> _Given information_
▽

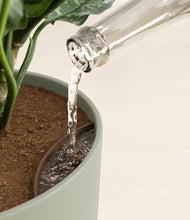 Load image into Gallery viewer, Sage Green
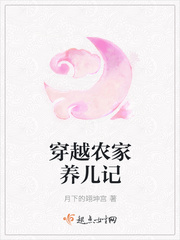 月下的翊坤宫的小说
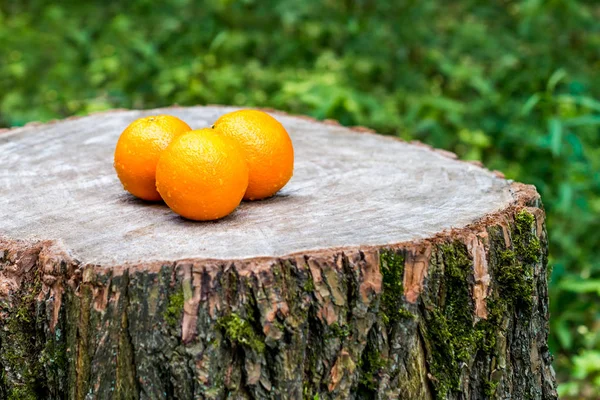 Jugo de naranja fresco con naranjas fruta al aire libre — Foto de stock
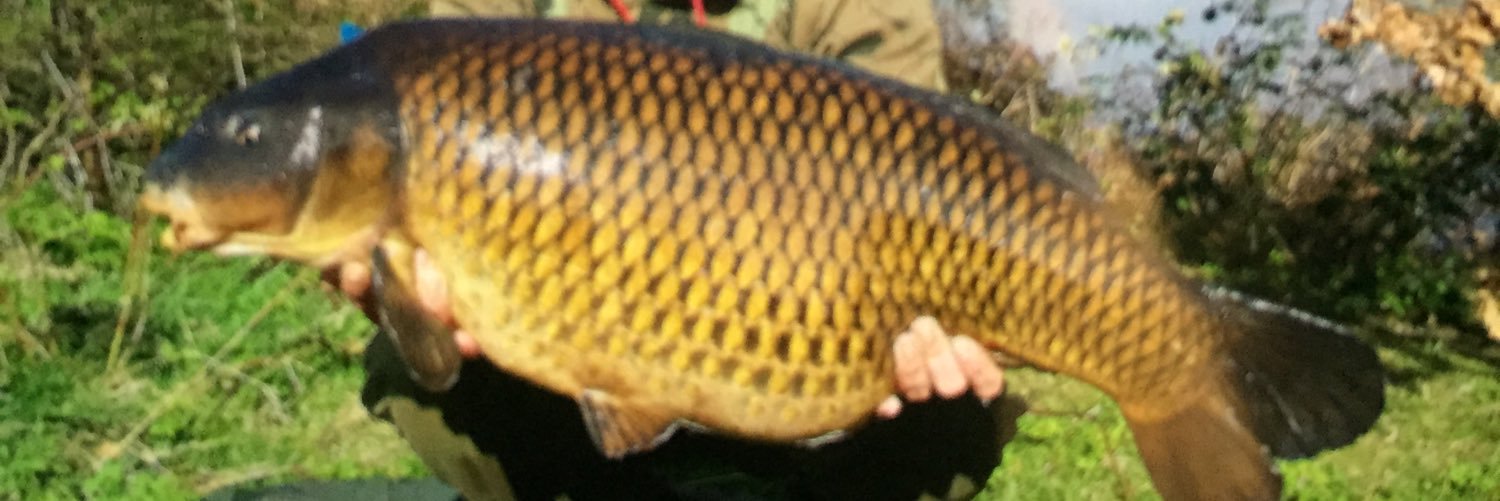 Craftycarper54's profile banner image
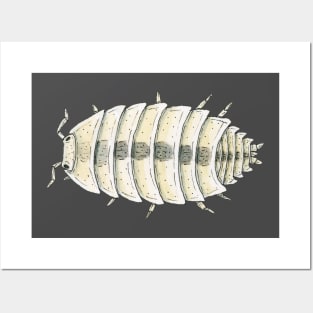 Trichorhina tomentosa "Dwarf White" Isopod Posters and Art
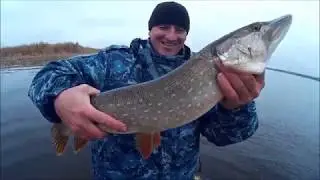 Осенняя рыбалка на щуку Волга Браконьеры Улов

△

Your task is to transcribe, exactly and without additions, every line from the one that contains "Jugo de naranja" to the end of the entries above, both included. Omit all pictures.

 Jugo de naranja fresco con naranjas fruta al aire libre — Foto de stock
 Craftycarper54's profile banner image
 Trichorhina tomentosa "Dwarf White" Isopod Posters and Art
 Осенняя рыбалка на щуку Волга Браконьеры Улов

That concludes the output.